That call from the neurologist at Vanderbilt finally came. I prayed for the best, but braced myself for the worse. There was a substantial amount of blood on the right side of her brain. There is an excessive amount of swelling. Immediate need for surgery. Prepping now. Need permission. That was about all I could get from the conversation. After giving my permission to have my 20 hour old undergo brain surgery I hung up. I was barely able to get the words out to Matt. Again I tried to remain strong. They would call me when she was out. Should be 3-4 hours. Matt left to go home to take care of the dogs, grab a nap and a shower and then wanted to be back when I got the news from surgery. As much as I wanted him to stay and hold me and comfort me, I knew he needed to go. Before he left he hugged me and I broke down. I couldn't help the tears from falling. I knew he was hurting and it sucked so bad. We should be snuggling her, not praying for her life.

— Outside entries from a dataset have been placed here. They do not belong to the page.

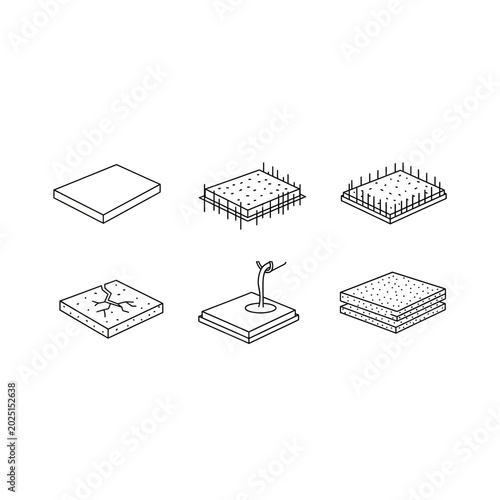 Isometric floor and surface texture icon set for architectural design
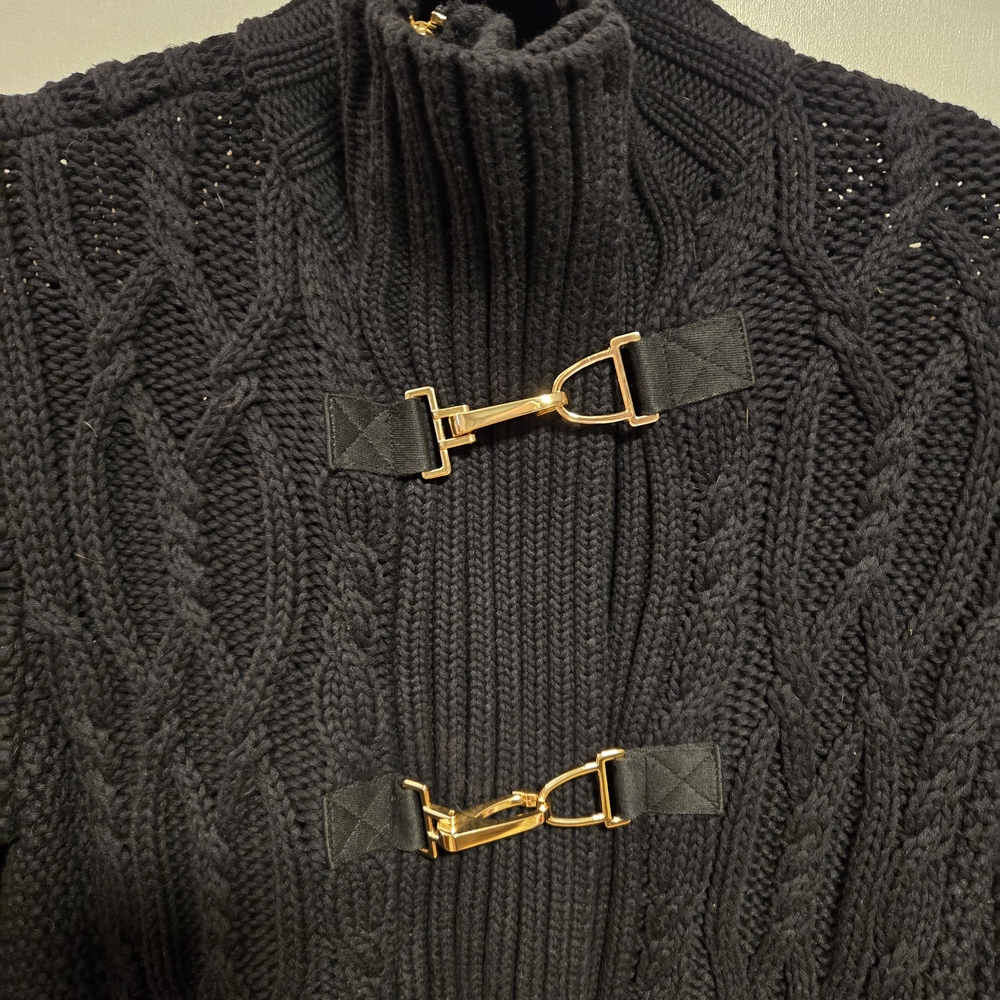 Ralph Lauren Black Cable Knit Turtleneck Sweater with Gold Buckles - Picture 2 of 11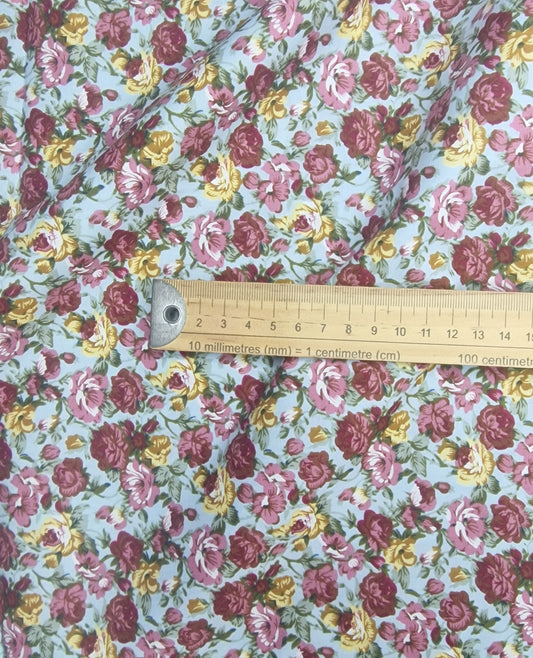 Old Rose tightly spaced, 100% Cotton Poplin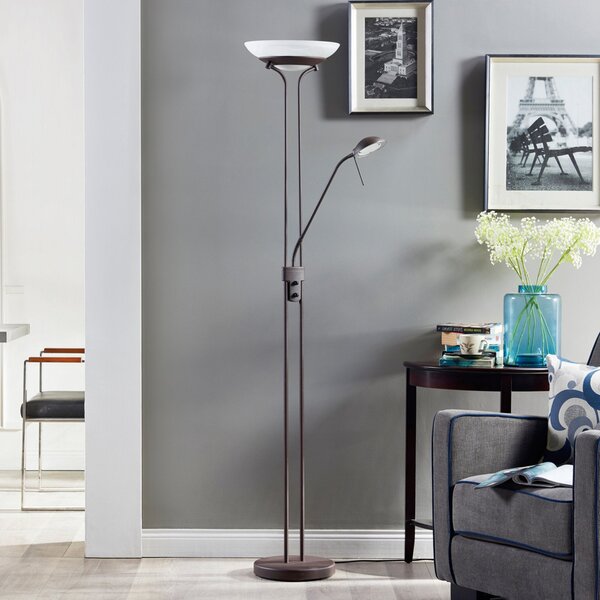 Lindby LED φωτιστικό δαπέδου Yveta, σκουριασμένο, μεταλλικό, με δυνατότητα, ρυθμιζόμενος, Καφέ / Σκουριάς, Σαλόνι / τραπεζαρία, Μέταλλο, Εξοχική κατοικία / Ρουστίκ, Φως ανάγνωσης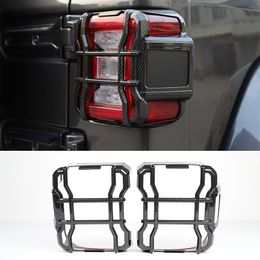 ABS Carbon Fiber Rear Tail Light Lamp Cover Protector Trim For Jeep Wrangler JL 2018+ LED light source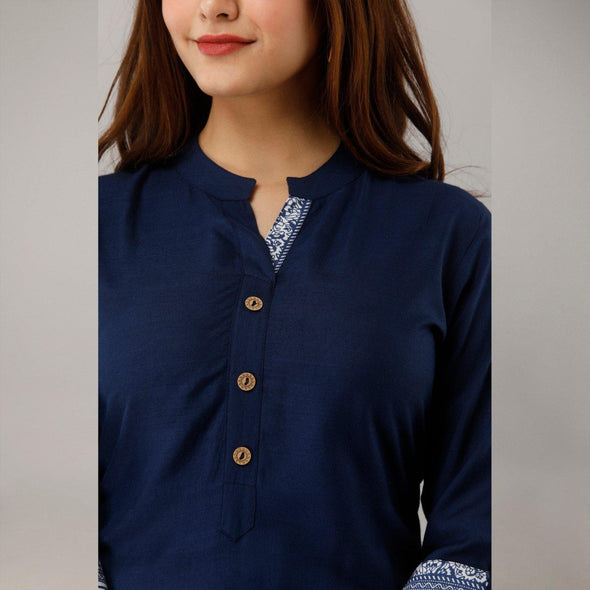Solid Rayon Calf Length Blue Kurta - Frionkandy
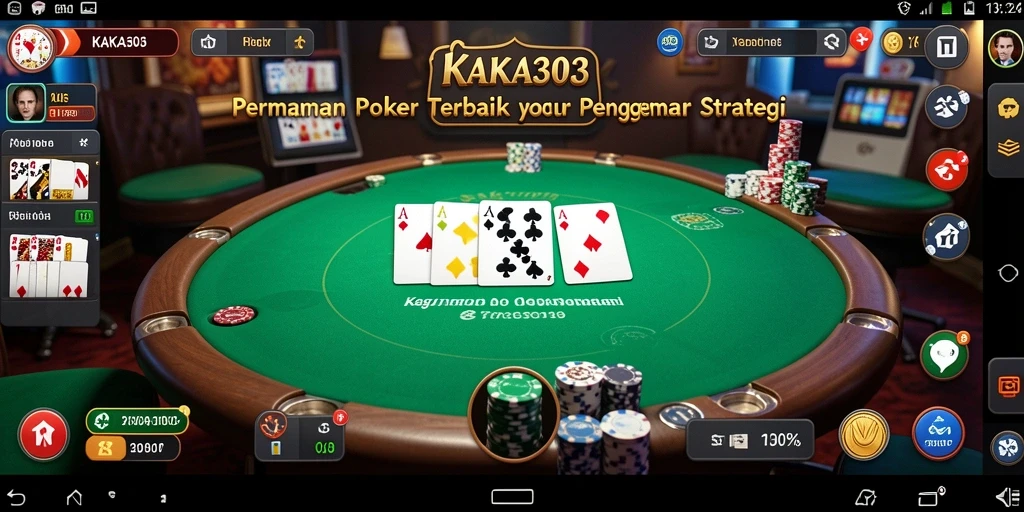 Tampilan gameplay Poker yang mendebarkan dan interaktif.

After Matt left I lost it. The tears wouldn't stop and the pain hurt so bad. My baby girl, sweet little girl, not even a day old was going to have her head cut open. A bone kept out of her head. She would hopefully survive this and still have a long journey ahead of her. I knew that the possibility of death was great and it hurt me so bad. This little miracle baby was going to be taken from us just as quickly as she was given to us. I still needed to be strong and so I try to stop myself from crying. I didn't want anyone to see how much pain I was in. How bad I was hurting. I had it remain positive and know that the next call would be changing my life forever and I couldn't think negative. In the next few hours I cried and prayed and cried and prayed. I was stuck in a room that I should have been in with my baby and couldn't even see her. I was heart broken. I was crushed. People kept telling me to take care of myself. To rest and eat and heal. Yeah that wasn't happening. A few bites of food in 38 hours, a few cat naps in 50 some hours and who cared about me healing. I hated being alone, but like the time to get all my emotions out. One thing that killed me is not having Matt to hold and be held by. I didn't know he was dealing with all this and that hurt me. I know he was trying to be strong for me and even more so for Amelia. I also knew he wasn't taking care of himself the way he needed and holding all his emotions in was not good.
I later found out how he expressed his emotions at home. He took in her car seat and diaper bag since we weren't going to be needing them anytime soon and he said walking in with it empty killed him. Walking into her nursery to put it away broke him more than anything. He lost it and cried for his sweet baby girl. He cried because he should have been bringing her home in it. Cried because she was at the hospital having major surgery and we didn't know what would happen. I praised God that Matt got to hold her and carry her to the nursery. If something went wrong in surgery he would have that memory.